When Paul Martin replaced Jean Chretien as Prime Minister this January, few would have thought he’d find his government in such a predicament only six months down the road. The Liberals seemed as solid as ever. Martin was to be a dose of fresh blood that would remove any public concerns that the party had grown stagnant during ten years of Chretien leadership. The Canadian Alliance and Progressive Conservatives were locked in the same talks of uniting the right that had failed to succeed so many times before. And as for the New Democrats, they had languished low in the polls for years.

Then in March came the sponsorship scandal. The auditor general revealed that Liberal bureaucrats and Crown Corporation chiefs were funnelling millions of dollars worth of public money into their own pockets. The Liberals’ slide in the polls began almost immediately.

However, to say that the Liberal Party’s fall in the polls is strictly the result of the sponsorship scandal alone is to oversimplify the situation. Rather, the drop in support that followed the sponsorship scandal is an expression of a discontent with the ruling government that had long been festering. Paul Martin’s reception as Prime Minister was not nearly as warm as expected; voter turnout is at record lows, and years of cuts to public spending have taken a toll on the social infrastructure. While the polls leading up to the scandal may have said that 60 percent of the population supported the government, what they did not say was that the resolution with which that 60 percent supported the government had been dwindling for some time. The sponsorship scandal was merely the event that finally pushed people from increasingly reluctant support for the government to actual opposition. Marxism explains that necessity is sometimes expressed through accident.

The newly formed Conservative Party of Canada, which came into being when the Canadian Alliance annexed the Progressive Conservative Party and renamed itself yet again, has leapt all over the Liberal’s sponsorship scandal. Such misappropriations of the public’s money are synonymous with the type of big government the Liberals offer, claims opposition leader Stephen Harper. The Liberals are overtaxing Canadians and mismanaging their money. The government is an over-sized, corrupt bureaucracy that has been in power too long to be in touch with ordinary Canadians. According to the Conservatives, what is needed to revitalize Canada is a drastic tax cut (for middle income earners) and a move towards smaller, hands-off government.
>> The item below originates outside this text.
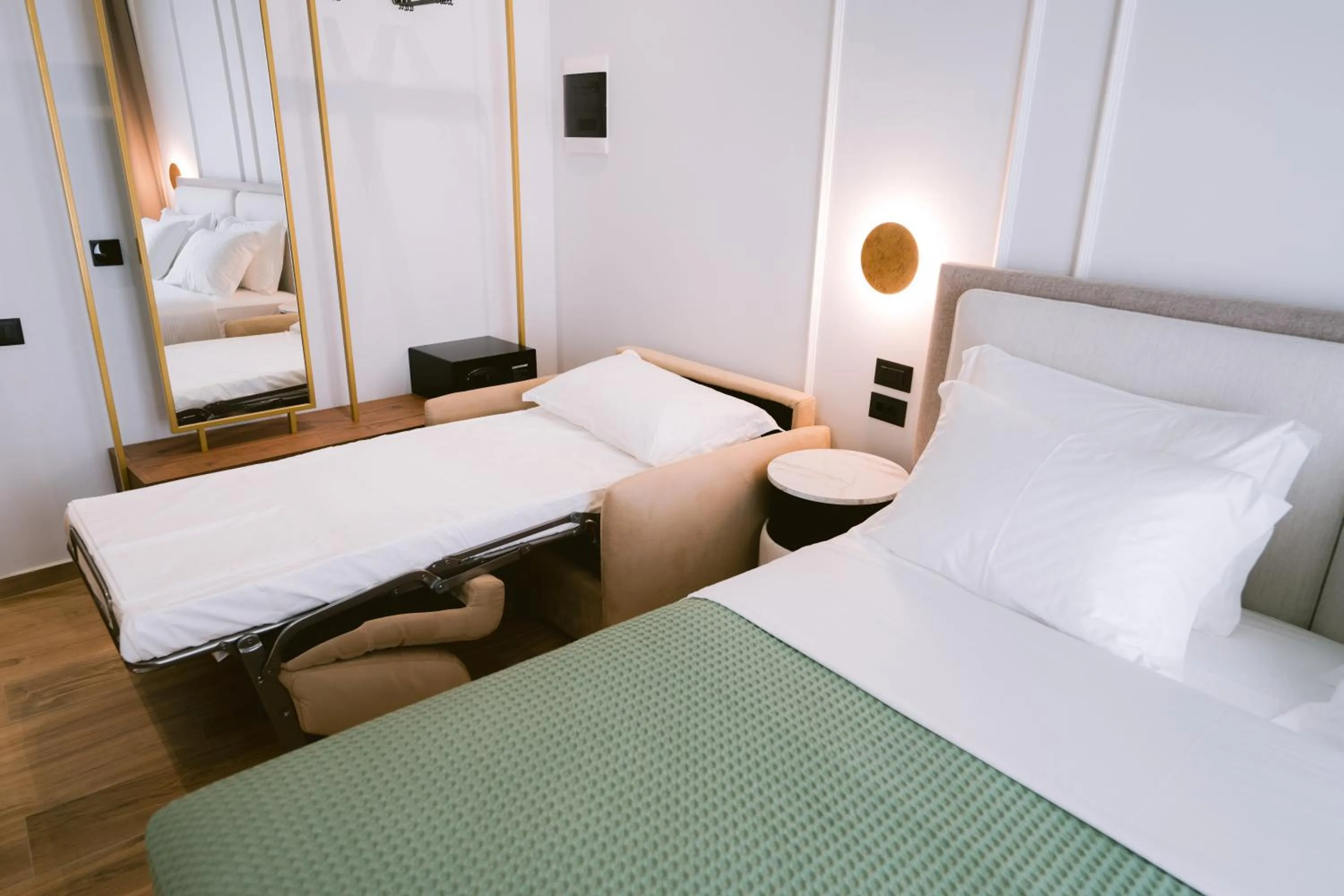 Living room, Bed in Noemie Hotel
In response, Martin is attacking Harper as a betrayer of Canadian values. A Conservative government would dismantle our social programs (or at least what’s left of them after the last 10 years of Liberal government) and make us more like America. Martin who was elected Liberal leader on the support of the party’s right wing now finds himself between a rock and a hard place. Out of one side of his mouth he attempts to cater to the will of the electorate, promising to put drastic amounts of money back into healthcare. Out of the other, he must prove his loyalty to the interests of those who supported his leadership, vowing that putting more money into healthcare will not mean higher taxes. Precisely where Martin intends to find this surplus of cash (or whether it can be found at all) is apparently one of those things that can only be discovered once he is safely back in office for the next four years.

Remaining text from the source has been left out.